La conclusión general es aleccionadora: a pesar de que el reposicionamiento es un estándar de atención universal e intensivo en recursos, la base de evidencia sigue siendo escasa y en gran medida de certeza muy baja. Las decisiones clínicas sobre la frecuencia de los cambios posturales deben, por tanto, individualizarse en función del perfil de riesgo del paciente, su movilidad, comodidad y estado clínico, en lugar de seguir protocolos rígidos. El sistema de recordatorios guiado por sensores destaca como la única intervención con un beneficio de certeza moderada, lo que sugiere que la tecnología de adherencia —y no solo la elección del intervalo— puede ser el factor clave.
Hallazgos clave
- Wearable position sensor with visual nurse reminders reduced pressure injuries by 72% vs. standard care (RR 0.28, 95% CI 0.10–0.75; n=1,226; moderate certainty)

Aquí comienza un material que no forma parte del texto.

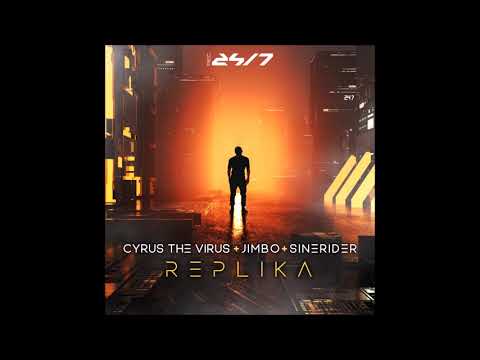 Cyrus The Virus + Jimbo + Sinerider - Replika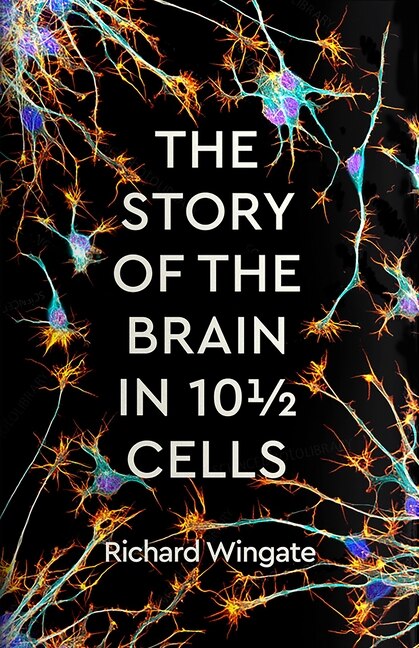 Couverture_The Story of the Brain in 10&frac12; Cells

- No significant difference between 2- vs. 4-hourly repositioning in pooled analysis of 4 trials, 1,104 participants (RR 1.05, 95% CI 0.79–1.39; very low certainty)
- Prone positioning in ICU was associated with ~4.5× higher pressure injury incidence vs. supine (RR 4.55, 95% CI 2.31–8.98; n=116; low certainty)
- Micromovement devices during surgery reduced pressure injuries by 72% vs. standard care in 2 pooled trials (RR 0.28, 95% CI 0.11–0.67; n=477; low certainty)
- 4-hourly repositioning cost CAD $16.74 less per resident per day than 2-hourly, primarily through reduced nursing time (nursing home setting)
- 3-hourly 30° tilt cost EUR 46.50 less per patient than 6-hourly 90° rotation, projecting EUR 512,800 annual savings per facility
- Zero trials reported health-related quality of life, procedural pain, or patient satisfaction outcomes across all 11 included studies
Metodología
Se trata de una revisión sistemática Cochrane y metaanálisis de 11 ECA (4.462 participantes, de 18 a 90 años) realizados en entornos de atención aguda y geriátrica; las búsquedas en bases de datos se completaron hasta mayo de 2025. El riesgo de sesgo se evaluó mediante la herramienta Cochrane RoB 2 y la certeza de la evidencia se clasificó con GRADE/GRADEpro. Los desenlaces binarios se notificaron como razones de riesgo con IC del 95%, agrupados mediante modelos de efectos fijos o de efectos aleatorios según la heterogeneidad clínica y metodológica. Se incluyeron dos evaluaciones económicas paralelas procedentes de ensayos en residencias de mayores para el análisis de costes.
Limitaciones del estudio
La mayoría de los ensayos incluidos eran de pequeño tamaño y fueron calificados con certeza baja o muy baja debido al riesgo de sesgo, imprecisión e inconsistencia, lo que limita la confianza en todas las estimaciones agrupadas. Ningún ensayo reportó calidad de vida, dolor ni satisfacción del paciente, dejando sin evaluar resultados importantes centrados en el paciente. Los datos económicos provinieron de solo dos ensayos realizados en residencias de ancianos, lo que restringe la generalización a otros entornos; no se declararon conflictos de interés y se indicó que el financiamiento fue nulo.